The investigators have developed a mobile app called Resolving Psychological Stress (REPS) to help alleviate symptoms of PTSD. The app will administer threat-related attention bias modification to individuals who have both a Diagnostic and Statistical Manual of Mental Disorders V (DSM-V) diagnosis of PTSD (and meet at least one DSM-V criteria for threat sensitivity) and a DSM-V diagnosis of Alcohol Use Disorder. The aims of the study are to explore both the feasibility and acceptability of the app with it's users, and to explore the efficacy of the app at alleviating PTSD severity.

The primary aims of the study are to assess the user experience and initial efficacy of a mobile application designed to reduce problematic alcohol use. The application utilizes drinking limits, defined by the user, to pace alcohol consumption during drinking occasions. The mobile application will be compared to strategies for tracking drinking detailed within the National Institute on Alcohol Abuse and Alcoholism Alcohol Moderation Strategies (https://www.rethinkingdrinking.niaaa.nih.gov/thinking-about-a-change/strategies-for-cutting-down/tips-to-try.aspx). Primary outcome variables, in addition to variables assessing user design experience of the application and use of moderation strategies, include (1) negative consequences of alcohol use during a 14 day observation period, and (2) number of drinks consumed per drinking day during a 14 day observation period.

Prior to launching a randomized controlled trial, this pilot study will investigate the feasibility and acceptability of the administration of a diagnostic interview and collection of a biomarker test, as well as engagement and preliminary efficacy with W-SUDs and the education arm, among a sample of adults who screen positive for problematic substance use.

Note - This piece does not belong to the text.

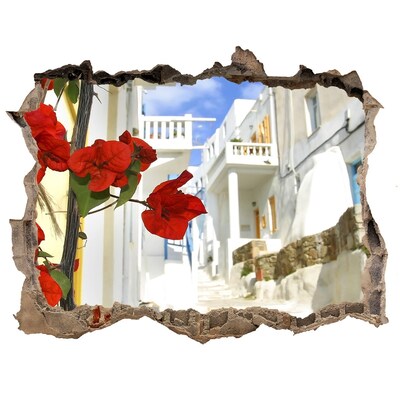 Hole in the wall sticker The charming streets of Greece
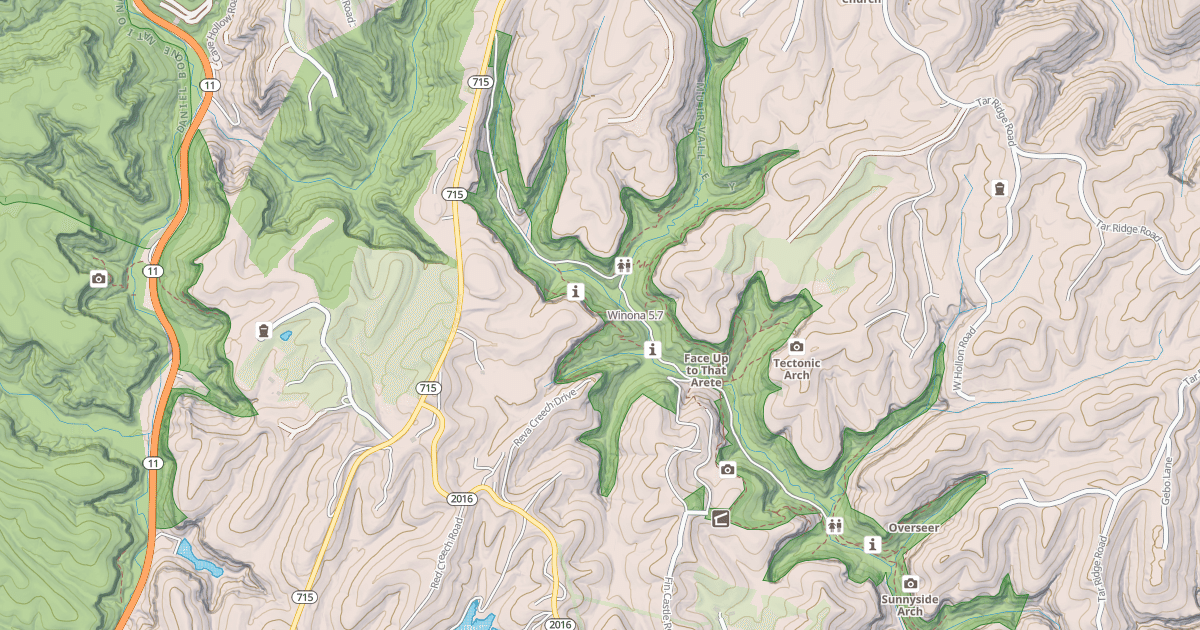 Map preview of Winona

This study was carried out at an inpatient clinic in Norway. A six- week long treatment programme included intensive group therapy, but also five hours of individual therapy, given as motivational interviewing (MI). Thirty-one patients were randomized either to receive five individual sessions of hypnotherapy instead of MI (N=16) or to be in the control group (N=15). The treatment method for the hypnotherapy group was Erickson's (permissive) hypnosis. At baseline all the participants were diagnosed using a psychiatric interview and filled in the Alcohol Use Identification Test (AUDIT), Time-line-follow-back (TLFB) for alcohol use, Hopkins Symptoms Check List (HSCL-25) for monitoring mental distress and Traumatic Life Events Questionnaire. AUDIT, TLFB and HSCL-25 were re-administered at follow-up after one year.